Is that all there is?
( This can be sung along with Peggy Lee to the song by Jerry Lieber and Mike Stoller and inspired by a short story by Thomas Mann: Disillusionment. I used to play this a lot when I was young; and I even played it to my first year students for many years. I was a cheery little soul. Here I write my own little lyric for it!).
When I was fifteen, I discovered homosexuality.
They said it was a crime.
And a sickness, a sin, a shame and a sadness.
And I said to myself: is that all there is?
When I was twenty-five, I discovered liberation.
It was GLF; we were out and proud; we made demands.
We were modern homosexuals out to change the world.
And I said to myself: is that all there is?
When I was thirty, I discovered research.
Transvestites and paedophiles and sado-masochists and more:
The conflicting meanings of the whole damn thing!
And I said to myself: is that all there is?

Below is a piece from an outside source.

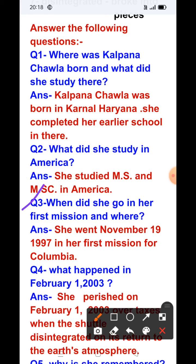Question number three: When did she go on her first mission and where? Answer: She went on November 19, 1997, in her first mission for Columbia.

When I was thirty-five, I discovered AIDS and feminism.
I knew the tragedy of AIDS: twenty five millions dead and still counting
And the tragedy of feminism: its interminable divides.
And I said to myself: is that all there is?
When I was forty-five, I went global and postmodern.
Queer had come around again;
And rights was on the world agenda.
And I said to myself: is that all there is?
When I was sixty, I nearly died: but I didn’t.
Starry starry nights and the incorrigible plurality of snow.
The multiplicities of life, of death, of suffering.
And I said to myself: is that all there is?
So life goes on as I look to seventy.
The inevitability of disappointment
and the importance of hope.
And I say to myself: is that all there is?
So let’s keep dancing.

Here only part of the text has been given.